The only named defendants covered by the district court’s injunction (the state board members) have elected not to appeal, and the only people who seek to challenge the injunction (the various challengers) were denied leave to intervene by the district court. As such, the court must first determine whether the challengers should have been allowed to intervene.
The intervenors have a “personal stake” in the outcome of this case that derives from the still-pending challenge proceeding they filed with the state board of elections that was enjoined by the district court. The district court nevertheless denied Ashton’s motion to intervene on timeliness grounds, reasoning that she delayed moving to intervene after its preliminary injunction ruling on March 4, when it was clear that the state board defendants would not seek appellate review.
That reasoning constitutes “a clear error in judgment” that renders the denial of intervention an abuse of discretion. The state board defendants vigorously contested Cawthorn’s statutory argument both in their pre-hearing briefing and at the preliminary injunction hearing itself and gave no advance indication they would later decline to appeal an adverse ruling on that issue. The district court also exceeded the bounds of its discretion in concluding that intervention would “prejudice” Cawthorn by subjecting him to “‘new’ arguments, unanticipated theories, and possible re-litigation of issues already decided.”

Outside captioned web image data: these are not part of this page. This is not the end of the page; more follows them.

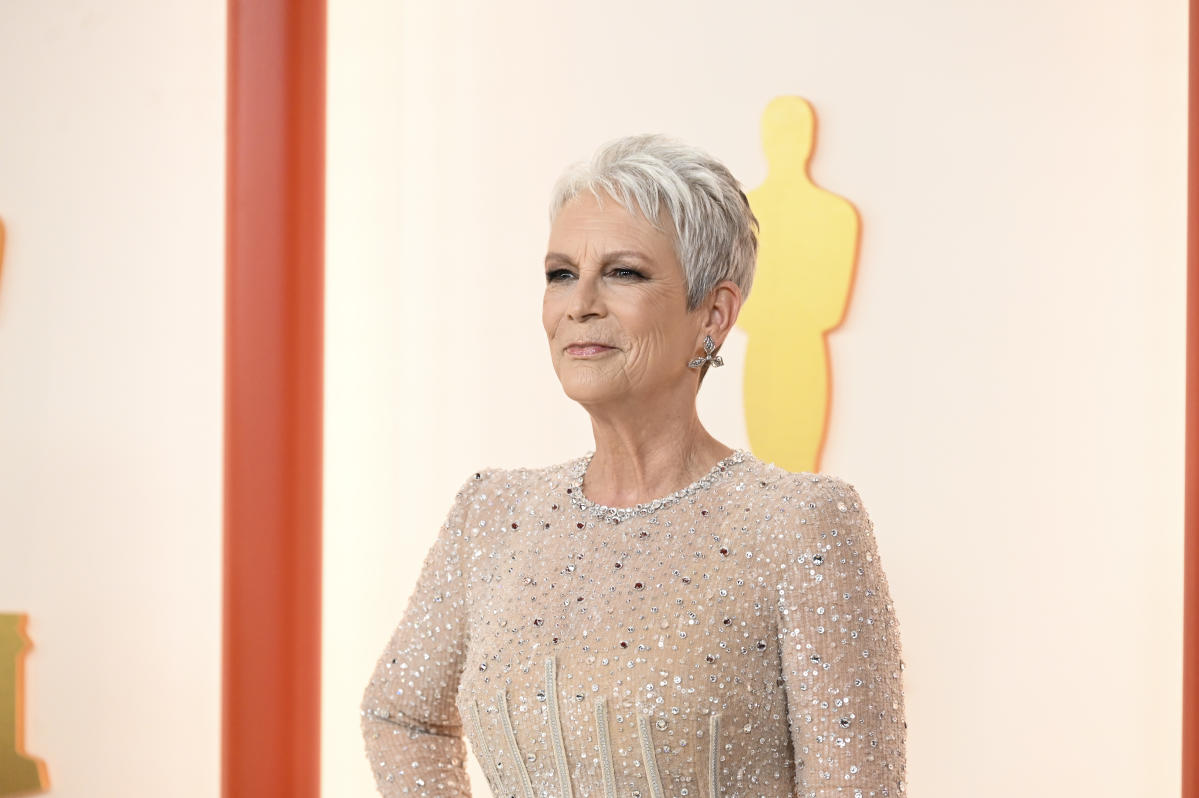 Jamie Lee Curtis Wins Best Supporting Actress Oscar For Everything Everywhere All At Once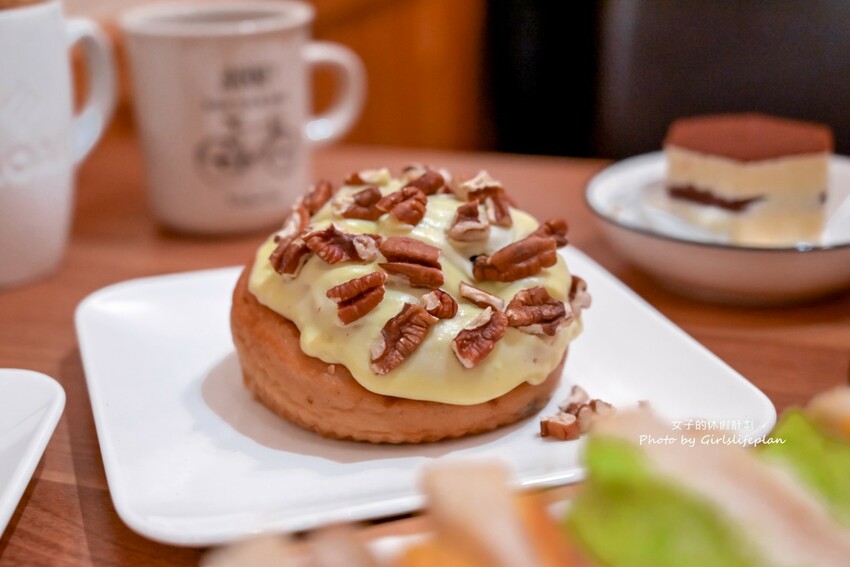 不到百元就可以喝到莊園級專業咖啡，IG上超人氣一手無法掌握現烤土司根本就是兩個人才能吃完的份量
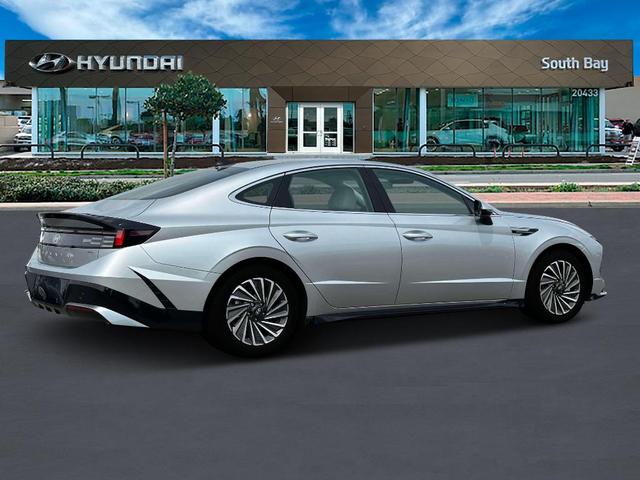 Photo of 2025 Silver Hyundai SONATA Hybrid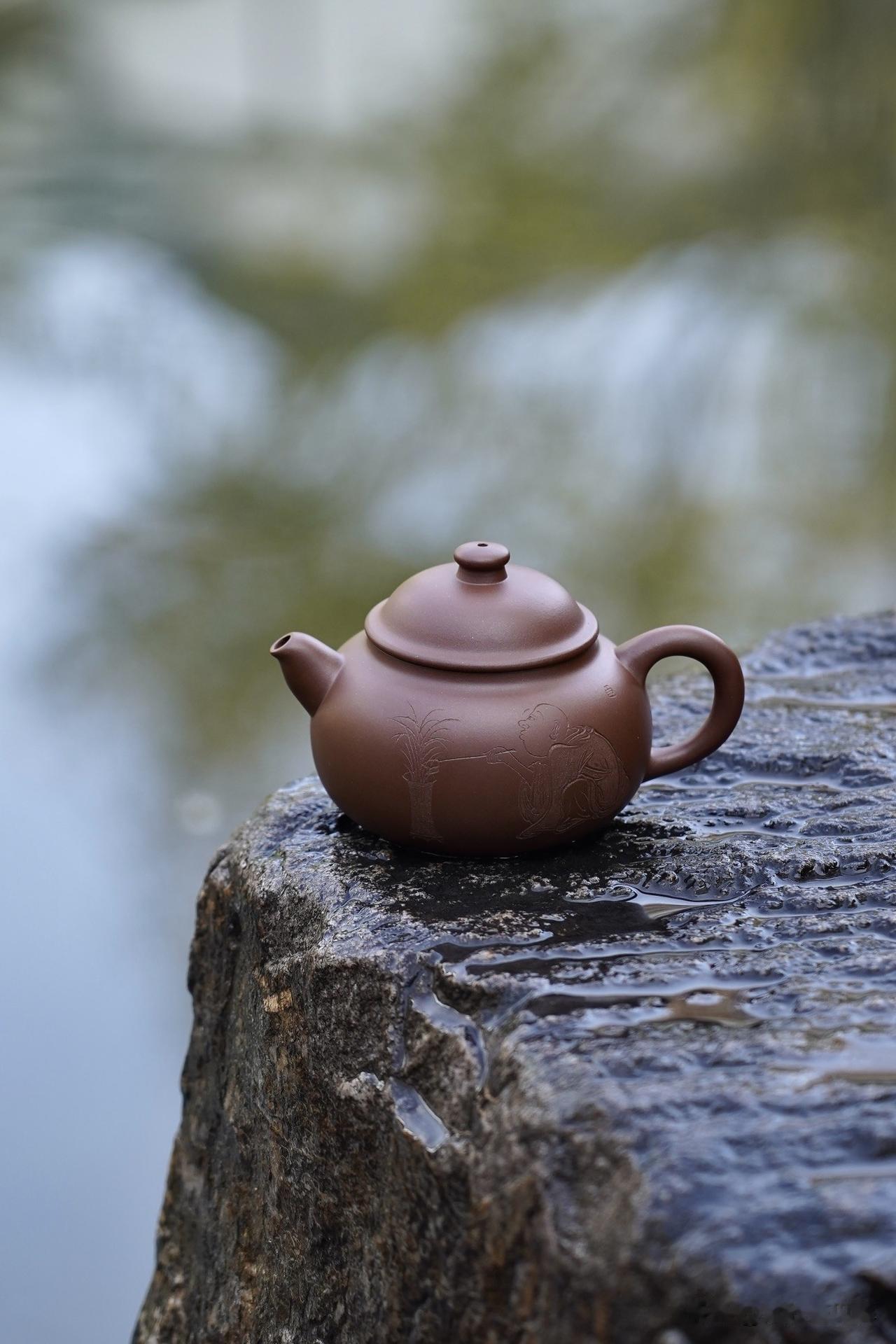玩紫砂壶还能暴富吗？一场茶桌上的坦白局（周末午后，老友老张拎着一把新买的紫砂壶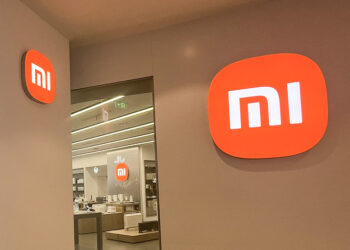 Xiaomi Falls Following Vice Chair’s $2B Share Sale Reveal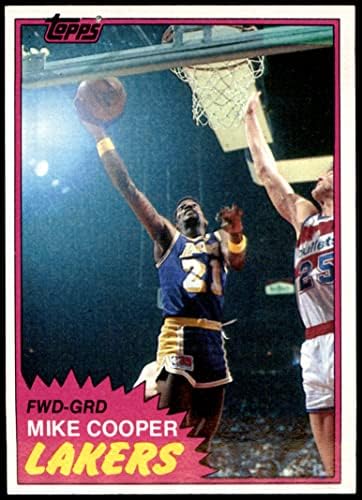 1981 Topps 77 W Майкъл Купър Лос Анджелис Лейкърс (баскетболно карта) NM/MT Лейкърс в Ню Мексико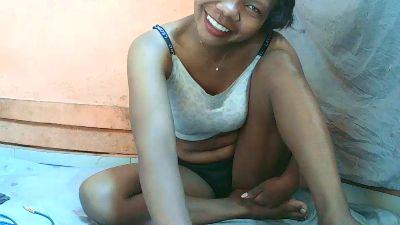 YummyEmma live cam on Cam4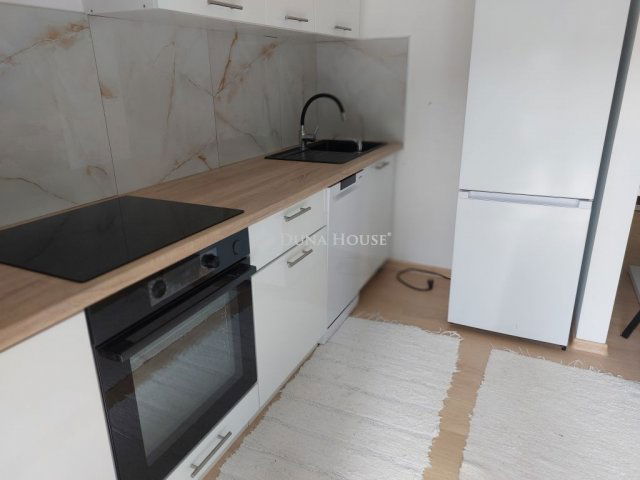 Eladó ikerház, Balatonfenyvesen 65 M Ft, 3 szobás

The district court concluded that Cawthorn had standing based solely on an ostensible First Amendment injury — namely, a burden on his right to run for office. But Cawthorn’s standing to pursue his First Amendment challenge did not necessarily encompass standing to pursue a different claim based on the 1872 Amnesty Act. The court nevertheless concludes that Cawthorn has Article III standing to pursue his 1872 Amnesty Act claim. The court also concludes that the case’s current posture does not require it to rule on any nonjusticiable political questions.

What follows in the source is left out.